There was a shadow in the doorway. It was Issib. "You shouldn't let him get to you like that, Nafai."
"What do you mean?"
"Make you so angry. When he teases you."
Nafai was genuinely puzzled. "What do you mean, angry? I wasn't angry."
"When he made that joke about how cold you were," said Issib. "I thought you were going to go over and knock his head off."
"But I wasn't mad."
"Then you're a genuine mental case, my boy," said Issib. " Ithought you were mad. He thought you were mad. The Oversoul thought you were mad."
"The Oversoul knows that I wasn't angry at all."
"Then learn to control your face, Nyef, because apparently it's showing emotions that you don't even feel. As soon as you turned your back he jammed his finger at you, that's how mad he thought you were."
Issib floated away. Nafai pulled on his sandals and criss-crossed the laces up around his pantlegs. The style among young men around Basilica was to wear long laces up the thighs and tie them together just under the crotch, but Nafai cut the laces short and wore them knee-high, like a serious workingman. Having a thick leather knot between their legs caused young men to swagger, rolling side to side when they walked, trying to keep their thighs from nibbing together and chafing from the knot. Nafai didn't swagger and loathed the whole idea of a fashion that made clothing less comfortable.

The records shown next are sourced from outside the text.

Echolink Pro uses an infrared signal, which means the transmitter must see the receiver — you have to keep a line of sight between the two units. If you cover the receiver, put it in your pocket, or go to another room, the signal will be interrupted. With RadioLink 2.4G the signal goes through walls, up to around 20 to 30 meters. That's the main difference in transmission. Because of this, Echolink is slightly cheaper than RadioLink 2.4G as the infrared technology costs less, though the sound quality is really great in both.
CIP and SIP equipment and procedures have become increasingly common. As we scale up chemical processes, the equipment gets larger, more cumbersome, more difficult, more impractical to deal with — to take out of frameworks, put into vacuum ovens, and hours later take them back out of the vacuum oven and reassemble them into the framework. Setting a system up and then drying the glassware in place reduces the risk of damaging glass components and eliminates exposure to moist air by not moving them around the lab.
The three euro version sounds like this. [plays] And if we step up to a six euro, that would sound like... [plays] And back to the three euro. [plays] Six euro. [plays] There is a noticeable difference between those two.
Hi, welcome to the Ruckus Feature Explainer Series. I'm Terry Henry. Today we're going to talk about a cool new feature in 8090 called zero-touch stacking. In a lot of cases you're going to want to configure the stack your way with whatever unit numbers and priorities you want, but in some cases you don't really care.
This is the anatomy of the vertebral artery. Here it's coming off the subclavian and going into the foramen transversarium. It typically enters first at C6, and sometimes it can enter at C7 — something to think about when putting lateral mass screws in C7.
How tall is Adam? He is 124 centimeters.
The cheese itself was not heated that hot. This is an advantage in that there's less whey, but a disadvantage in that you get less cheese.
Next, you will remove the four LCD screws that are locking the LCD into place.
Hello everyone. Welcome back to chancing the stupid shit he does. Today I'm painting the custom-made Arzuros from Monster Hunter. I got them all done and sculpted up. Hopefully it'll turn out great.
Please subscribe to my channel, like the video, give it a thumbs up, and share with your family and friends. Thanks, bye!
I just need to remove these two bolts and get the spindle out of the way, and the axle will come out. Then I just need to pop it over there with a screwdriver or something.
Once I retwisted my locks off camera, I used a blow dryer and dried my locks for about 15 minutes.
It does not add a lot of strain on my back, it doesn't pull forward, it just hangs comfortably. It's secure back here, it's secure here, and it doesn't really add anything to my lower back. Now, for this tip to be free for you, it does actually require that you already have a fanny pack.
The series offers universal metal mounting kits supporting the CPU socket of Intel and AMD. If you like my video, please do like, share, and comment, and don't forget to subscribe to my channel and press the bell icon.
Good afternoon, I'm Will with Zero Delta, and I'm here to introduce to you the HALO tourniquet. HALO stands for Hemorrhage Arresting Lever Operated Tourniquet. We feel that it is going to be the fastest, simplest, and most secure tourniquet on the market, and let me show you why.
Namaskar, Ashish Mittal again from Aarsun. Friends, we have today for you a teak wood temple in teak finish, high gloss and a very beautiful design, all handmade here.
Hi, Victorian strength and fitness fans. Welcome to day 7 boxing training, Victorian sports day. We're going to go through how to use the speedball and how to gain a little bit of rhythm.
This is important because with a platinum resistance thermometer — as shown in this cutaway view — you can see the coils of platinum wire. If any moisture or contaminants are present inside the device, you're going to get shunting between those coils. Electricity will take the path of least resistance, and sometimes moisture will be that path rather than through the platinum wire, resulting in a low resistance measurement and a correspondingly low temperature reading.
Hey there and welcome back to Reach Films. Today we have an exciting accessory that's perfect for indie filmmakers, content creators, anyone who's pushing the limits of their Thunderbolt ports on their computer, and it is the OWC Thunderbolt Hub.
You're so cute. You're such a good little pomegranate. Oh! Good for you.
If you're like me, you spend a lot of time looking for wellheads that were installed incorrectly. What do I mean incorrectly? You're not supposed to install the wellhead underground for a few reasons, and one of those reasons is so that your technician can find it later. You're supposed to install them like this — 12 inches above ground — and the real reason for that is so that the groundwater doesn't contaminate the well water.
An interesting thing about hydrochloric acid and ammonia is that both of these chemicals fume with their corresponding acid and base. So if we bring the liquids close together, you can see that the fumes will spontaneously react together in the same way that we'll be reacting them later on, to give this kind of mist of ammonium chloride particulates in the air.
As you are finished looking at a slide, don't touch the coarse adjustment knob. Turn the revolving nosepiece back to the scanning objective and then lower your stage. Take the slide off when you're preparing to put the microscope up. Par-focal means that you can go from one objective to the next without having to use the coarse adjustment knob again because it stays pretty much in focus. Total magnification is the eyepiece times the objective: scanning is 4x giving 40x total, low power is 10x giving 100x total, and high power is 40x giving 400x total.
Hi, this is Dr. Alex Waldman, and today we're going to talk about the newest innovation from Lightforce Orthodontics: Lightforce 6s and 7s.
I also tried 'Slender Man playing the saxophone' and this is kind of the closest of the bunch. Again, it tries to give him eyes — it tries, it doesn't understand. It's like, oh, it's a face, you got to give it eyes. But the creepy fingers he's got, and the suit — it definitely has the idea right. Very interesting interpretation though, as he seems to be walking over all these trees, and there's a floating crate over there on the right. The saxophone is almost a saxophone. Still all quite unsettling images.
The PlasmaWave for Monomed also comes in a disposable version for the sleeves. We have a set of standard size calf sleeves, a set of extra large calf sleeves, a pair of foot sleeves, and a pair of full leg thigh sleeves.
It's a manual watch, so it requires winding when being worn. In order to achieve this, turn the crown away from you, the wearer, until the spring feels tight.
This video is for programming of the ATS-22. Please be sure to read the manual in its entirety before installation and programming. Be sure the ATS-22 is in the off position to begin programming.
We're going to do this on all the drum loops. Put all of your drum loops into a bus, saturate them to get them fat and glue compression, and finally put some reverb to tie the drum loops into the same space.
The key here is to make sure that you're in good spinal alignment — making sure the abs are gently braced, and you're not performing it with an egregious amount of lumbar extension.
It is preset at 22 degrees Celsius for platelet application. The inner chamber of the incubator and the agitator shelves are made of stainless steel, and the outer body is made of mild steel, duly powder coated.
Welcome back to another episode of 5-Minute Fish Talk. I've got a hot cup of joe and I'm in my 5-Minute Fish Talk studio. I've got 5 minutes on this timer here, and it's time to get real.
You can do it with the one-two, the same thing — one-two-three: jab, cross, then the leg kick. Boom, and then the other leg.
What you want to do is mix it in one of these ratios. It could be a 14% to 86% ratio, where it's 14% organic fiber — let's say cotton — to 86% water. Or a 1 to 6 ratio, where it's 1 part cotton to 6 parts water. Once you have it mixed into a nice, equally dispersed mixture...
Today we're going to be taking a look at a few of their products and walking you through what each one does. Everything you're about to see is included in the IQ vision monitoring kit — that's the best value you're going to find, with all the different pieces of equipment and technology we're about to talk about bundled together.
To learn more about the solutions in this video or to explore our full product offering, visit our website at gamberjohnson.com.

Of course, rejecting fashion meant that he didn't fit in as easily with boys his age, but Nafai hardly minded that. It was women whose company he enjoyed most, and the women whose good opinion he valued were the ones who were not swayed by trivial fashions. Eiadh, for one, had often joined him in ridiculing the high-laced sandals. "Imagine wearing those riding a horse ," she had said once.
"Enough to make a bull into a steer," Nafai had quipped in reply, and Eiadh had laughed and then repeated his joke several times later in the day. If a woman like that existed in the world, why should a man bother with silly fashions?